Research Group

  • Dr. Alvaro Pacheco-Silva, Principal Investigator
  • Dr. Aparecido B. Pereira, Co-Investigator
  • Dr. Niels O. Câmara, Co-Investigator
  • Dr. Kikumi S. Ozaki, Collaborator
  • Dr. Rogério Chinene, Research Associate
  • Dr. Georgia D. Marques, Research Associate
  • Dr. Marcos A. Cenedeze, Research Associate

Location

  • Universidade Federal de São Paulo, São Paulo, Brazil

Title

  • Detection and Prevention of Patients with Chronic Allograft Nephropathy

Renal transplantation is the best therapeutic option for patients with chronic renal disease. It contributes to improve life quality and decreases the relative risk of cardiovascular death when compared to patients kept on dialysis. One-year graft survival has improved a lot during the last 20 years, and currently is around 90% in recipients of kidneys from deceased donors. However, only 50% of kidney transplant patients will still have functioning organs after 10 years of transplantation. The main cause of graft loss after the first year is an entity denominated chronic allograft nephropathy (CAN).
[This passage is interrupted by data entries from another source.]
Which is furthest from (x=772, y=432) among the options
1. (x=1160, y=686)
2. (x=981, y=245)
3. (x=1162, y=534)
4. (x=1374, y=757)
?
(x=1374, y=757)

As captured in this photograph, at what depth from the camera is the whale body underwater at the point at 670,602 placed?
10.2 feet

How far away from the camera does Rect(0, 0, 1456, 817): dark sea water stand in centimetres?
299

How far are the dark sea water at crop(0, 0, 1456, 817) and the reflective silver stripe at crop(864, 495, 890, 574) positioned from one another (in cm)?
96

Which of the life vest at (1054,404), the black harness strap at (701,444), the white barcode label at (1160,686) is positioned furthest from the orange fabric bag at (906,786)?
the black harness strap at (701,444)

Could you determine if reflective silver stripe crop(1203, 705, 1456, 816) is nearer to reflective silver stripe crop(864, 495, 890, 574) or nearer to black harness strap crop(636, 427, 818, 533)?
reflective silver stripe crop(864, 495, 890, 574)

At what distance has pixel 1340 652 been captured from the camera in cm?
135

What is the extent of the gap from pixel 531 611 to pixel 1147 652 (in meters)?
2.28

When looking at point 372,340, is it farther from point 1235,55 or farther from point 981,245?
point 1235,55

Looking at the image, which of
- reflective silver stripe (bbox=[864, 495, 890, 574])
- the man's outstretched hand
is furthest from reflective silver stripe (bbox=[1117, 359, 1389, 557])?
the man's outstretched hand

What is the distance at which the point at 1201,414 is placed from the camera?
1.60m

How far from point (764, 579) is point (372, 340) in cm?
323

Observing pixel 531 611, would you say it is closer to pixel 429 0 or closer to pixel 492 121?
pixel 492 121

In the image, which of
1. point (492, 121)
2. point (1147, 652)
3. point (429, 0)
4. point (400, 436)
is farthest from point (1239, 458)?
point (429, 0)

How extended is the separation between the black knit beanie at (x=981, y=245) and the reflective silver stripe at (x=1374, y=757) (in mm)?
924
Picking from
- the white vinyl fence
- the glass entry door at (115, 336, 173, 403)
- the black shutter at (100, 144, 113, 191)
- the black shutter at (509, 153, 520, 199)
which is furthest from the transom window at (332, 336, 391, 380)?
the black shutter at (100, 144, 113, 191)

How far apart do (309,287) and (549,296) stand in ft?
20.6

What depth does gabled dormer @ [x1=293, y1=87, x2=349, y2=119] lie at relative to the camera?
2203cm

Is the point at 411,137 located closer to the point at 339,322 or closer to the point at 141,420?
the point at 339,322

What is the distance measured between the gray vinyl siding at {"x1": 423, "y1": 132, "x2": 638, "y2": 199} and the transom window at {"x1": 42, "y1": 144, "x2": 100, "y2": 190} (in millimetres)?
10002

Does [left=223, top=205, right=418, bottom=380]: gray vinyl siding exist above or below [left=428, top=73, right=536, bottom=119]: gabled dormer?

Thus, CAN is currently the greatest barrier to long-term success of a renal transplantation. Many factors are known to be associated with CAN development and its progression but our understanding of these are still incomplete. CAN is characterized by a progressive diminution of renal function, and the histological analyses show evidence of progressive tubulointerstitial fibrosis and tubular atrophy. There is currently no clinical or invasive test that favors its early detection. Therefore, CAN can only be confirmed by graft biopsy when usually clinical alterations are already present. This late diagnosis makes it very difficult to establish any clinical maneuver to halt this process.

At early time points, CAN can be associated with tubulointerstitial injury, manifested by dysfunction of renal proximal tubular cells. We are proposing to use a new tool, the evaluation of proximal tubular function, for an early diagnosis and a better comprehension of CAN. Proximal tubular function can be assessed by the determination of urinary tubular proteins, especially retinol binding protein (RBP). We intend to reverse the tubular dysfunction by modifying immunosuppressive drugs, toward a less toxic schema. Genes and proteins involved in the initiation process of proximal tubular dysfunction and those related to CAN will also be investigated.